Oblivious Secure Deletion with Bounded History Independence

We present a new secure cloud storage mechanism that combines three previously disjoint security properties: obliviousness, secure deletion, and history independence. The system maintains strong privacy guarantees against a cloud-observation attack, wherein an attacker learns all previous states of, and accesses to, the persistent cloud storage, as well as a catastrophic attack, where the decryption keys from erasable memory are also leaked. In the first scenario, the access pattern reveals nothing about the contents (obliviousness), and in both scenarios, no previously deleted data is recoverable (secure deletion), and the structure of the data leaks a bounded amount of information about previous states (history independence).
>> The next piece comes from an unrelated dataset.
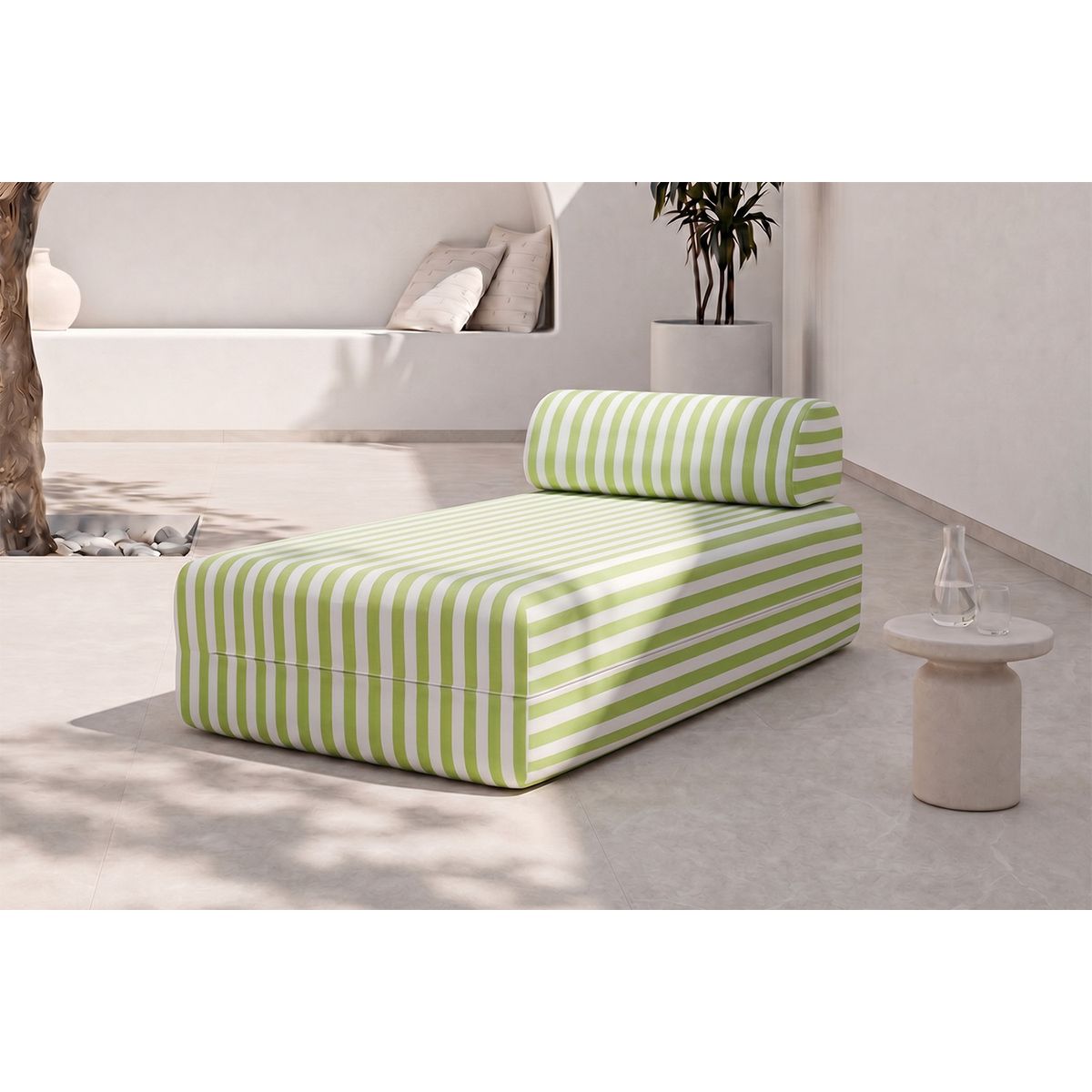 Méridienne Modulable - Tissu Extérieur À Rayures - Blanc Et Vert Anis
To achieve these goals we developed a new oblivious-RAM with variable-size storage blocks (vORAM) and a new history independent, randomized data structure based on B-trees (HIRB tree) stored within the vORAM. We prove that the vORAM+HIRB achieves obliviousness and secure deletion. We also show that any such system must inevitably leak a bounded amount of history information, and prove that our vORAM+HIRB construction matches this lower bound, up to logarithmic factors. Our system also provides better utilization of the ORAM buckets and reduces the amount of local storage requirements by O(log n) as compared to prior work for storing map data structures. Finally, we have implemented and measured the performance of our system using Amazon Web Services for a sample password-management application that maintains the privacy of login records, addition and removal of accounts, and password changes. The empirical performance is comparable to current state of the art in ORAM technologies and greatly outperforms naive approaches that provide the same security properties.